Glosse
Gefahr der Schwüre
Schwüre sind etwas, das man sich genau überlegen sollte. Man weiß ja, wohin das führen kann. Ins Ehebett zum Beispiel. Das ist dann noch die angenehme Variante.
Oder ins Gefängnis, wenn man einen Meineid geleistet hat. Und das wäre noch milde, wenn man an vergangene Jahrhunderte denkt. Wer im Mittelalter einen Schwur brach, dem wurde zuweilen als Strafe gleich die Hand abgehackt. Was besonders für Rechtshänder misslich war, denn Schwüre wurden zumeist mit der rechten Hand ausgeführt.

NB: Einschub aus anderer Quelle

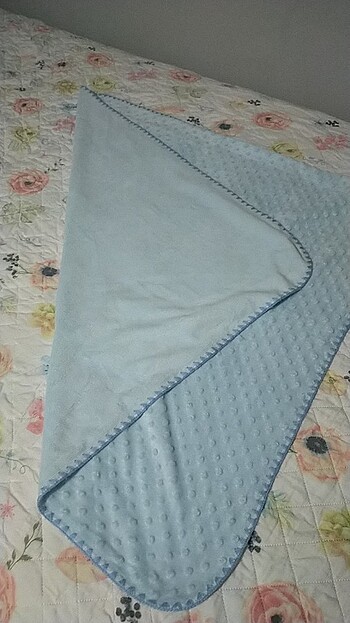 Polar bebek battaniyesi  - Görsel 3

Erhalten haben sich im europäischen Raum immerhin die drei nach oben gereckten Schwurfinger, die für die göttliche Dreifaltigkeit stehen – auch wenn Amtseide heute gern mal mit der kompletten erhobenen Hand abgelegt werden.
Das alles sind Dinge, die der Inder Anil Sharma nicht ohne Weiteres tun könnte. Denn er hat inzwischen seinen vierten Finger einer indischen Gottheit geopfert – weil er sich über die Wiederwahl des Chefministers Nitish Kumar freute, also des Ministerpräsidenten seines Bundesstaates Bihar. Sharma hat das vorher schon dreimal gemacht, bei jeder Wahl, seit Kumar 2005 die Macht übernahm.
Sein Idol Kumar ist inzwischen 69 Jahre alt. Also besteht Hoffnung, dass der Politiker nicht mehr allzu oft bei Wahlen gewinnt. Denn als Gärtner braucht Sharma die verbliebenen Finger noch. Vielleicht reicht der Gottheit bei der nächsten Wahl ja auch ein Treueschwur.